- **RECORDED DATA**

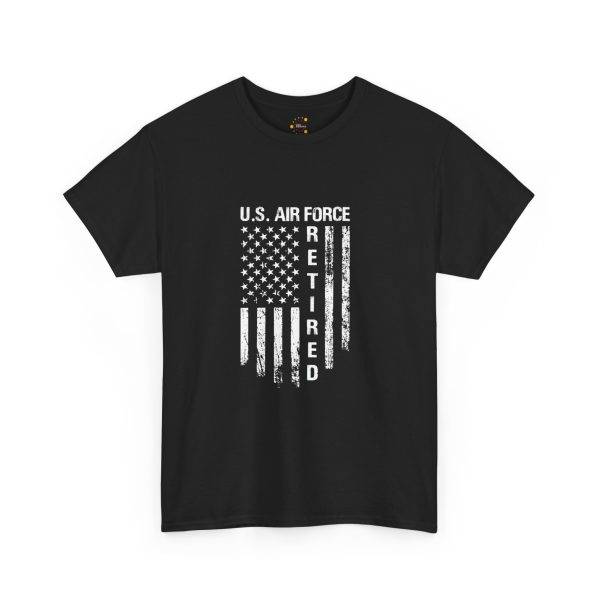 U.S. Air Force Retired Heavy Cotton Tee – Honor Your Service
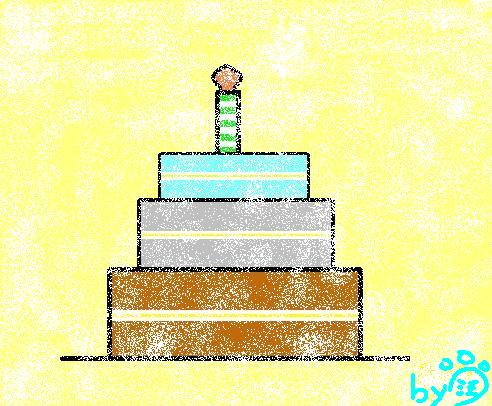 趴老大的生日蛋糕.JPG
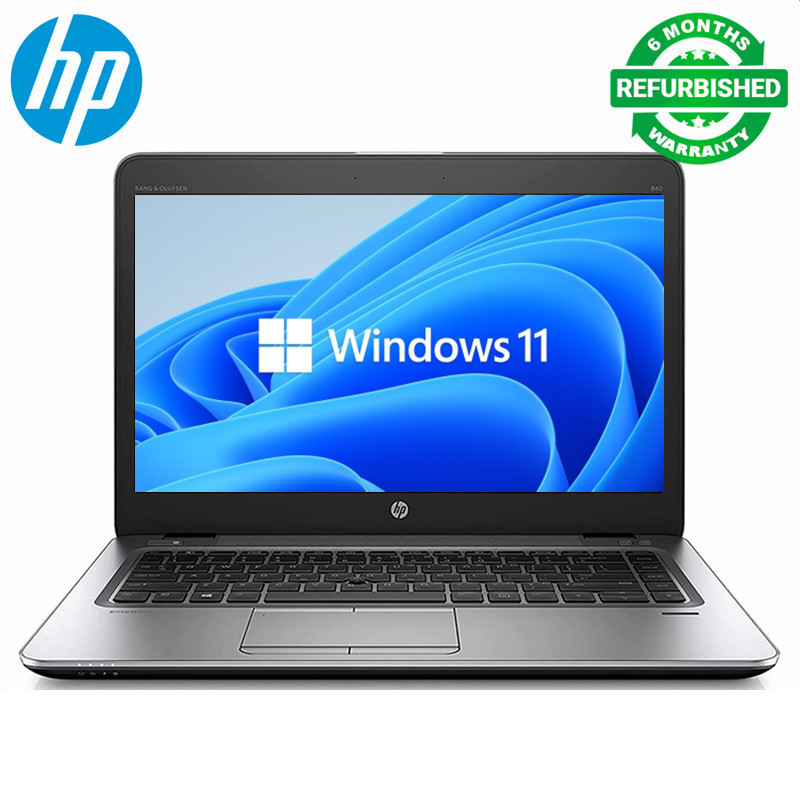 (Free Mouse i5+8gb+500gb+14''] Refurbished Hp Elitebook 840 G3 Laptop Intel Core i5 6th Gen 8GB 500GB SSD Backlit Keyboard 14" Notebook Windows 11 Office 2019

- **DESCRIPTION OF THE TASK**
In full and without changes, repeat the listing above, but not its pictures.

- **OUTPUT BELOW**
 U.S. Air Force Retired Heavy Cotton Tee – Honor Your Service
 趴老大的生日蛋糕.JPG
 (Free Mouse i5+8gb+500gb+14''] Refurbished Hp Elitebook 840 G3 Laptop Intel Core i5 6th Gen 8GB 500GB SSD Backlit Keyboard 14" Notebook Windows 11 Office 2019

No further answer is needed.